# Instructions for the task
Leave out the pictures, and copy exactly the lines from the line with "NeXtime NE-3518WI Vægur" through the last line of the data below.

# Dataset records
◇ ◇ ◇ ◇ ◇ ◇ ◇

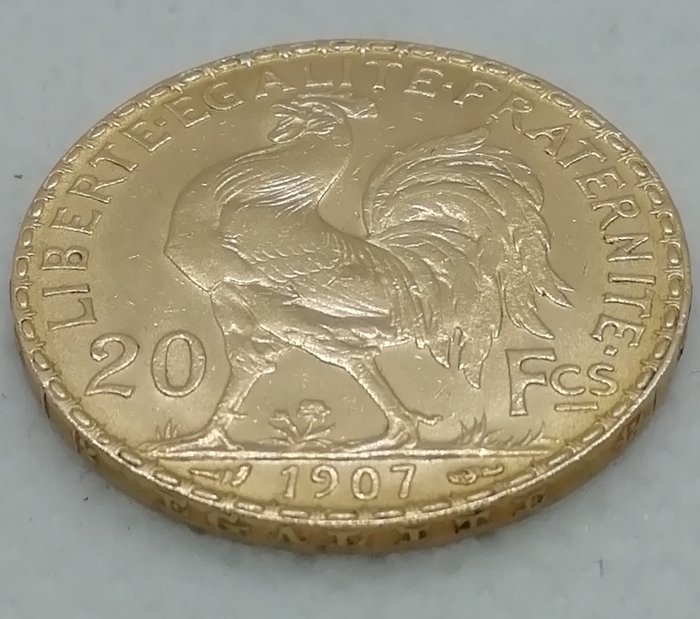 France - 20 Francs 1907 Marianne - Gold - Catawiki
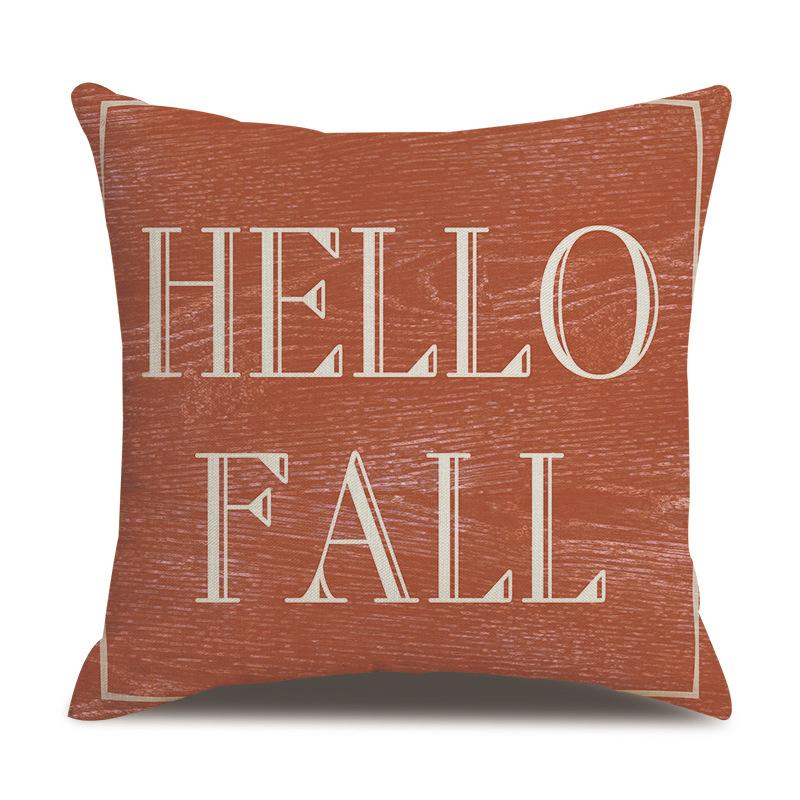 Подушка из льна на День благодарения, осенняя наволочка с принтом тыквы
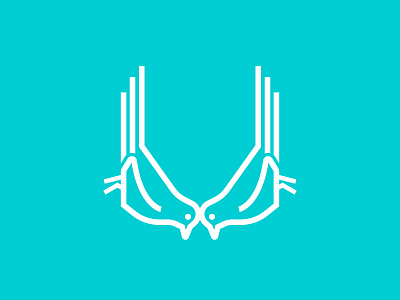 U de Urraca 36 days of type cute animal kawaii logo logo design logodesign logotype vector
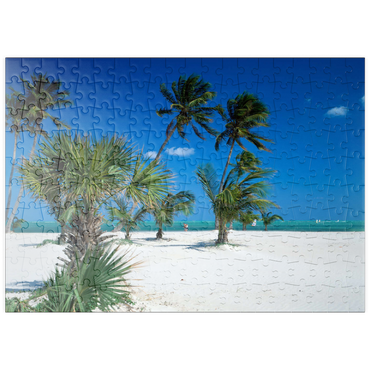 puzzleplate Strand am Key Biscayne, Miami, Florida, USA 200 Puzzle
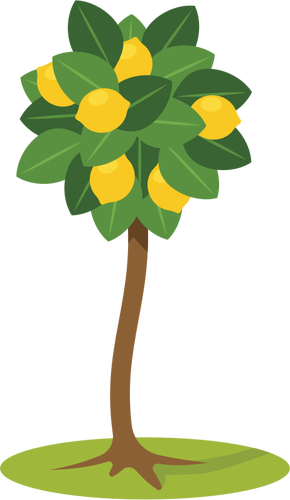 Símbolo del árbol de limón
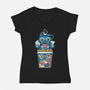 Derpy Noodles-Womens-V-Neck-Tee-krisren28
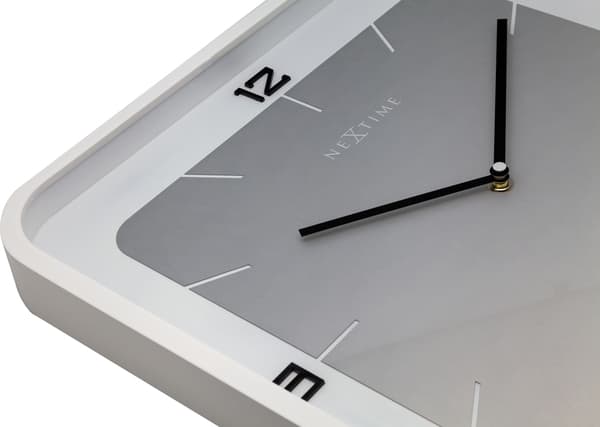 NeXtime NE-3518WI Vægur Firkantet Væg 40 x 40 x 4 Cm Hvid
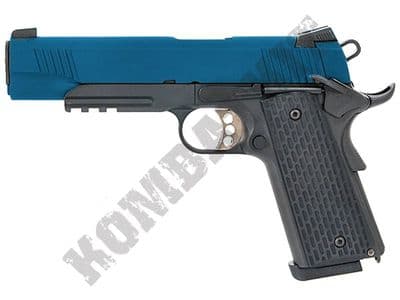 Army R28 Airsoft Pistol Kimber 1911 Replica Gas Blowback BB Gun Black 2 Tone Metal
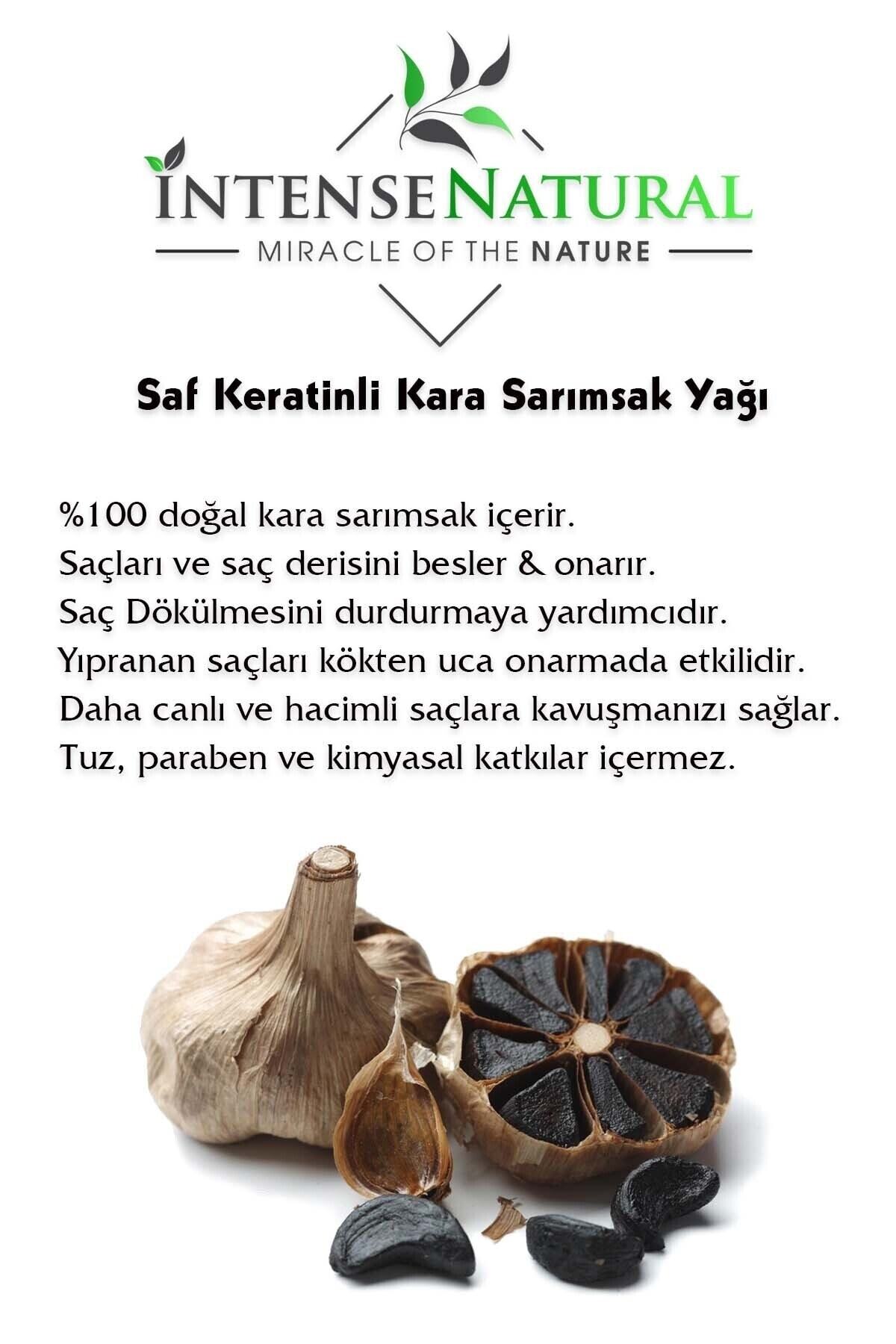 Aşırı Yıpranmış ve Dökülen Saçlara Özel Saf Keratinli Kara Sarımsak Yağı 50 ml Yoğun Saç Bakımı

◇ ◇ ◇ ◇ ◇ ◇ ◇

# Problem solution
 NeXtime NE-3518WI Vægur Firkantet Væg 40 x 40 x 4 Cm Hvid
 Army R28 Airsoft Pistol Kimber 1911 Replica Gas Blowback BB Gun Black 2 Tone Metal
 Aşırı Yıpranmış ve Dökülen Saçlara Özel Saf Keratinli Kara Sarımsak Yağı 50 ml Yoğun Saç Bakımı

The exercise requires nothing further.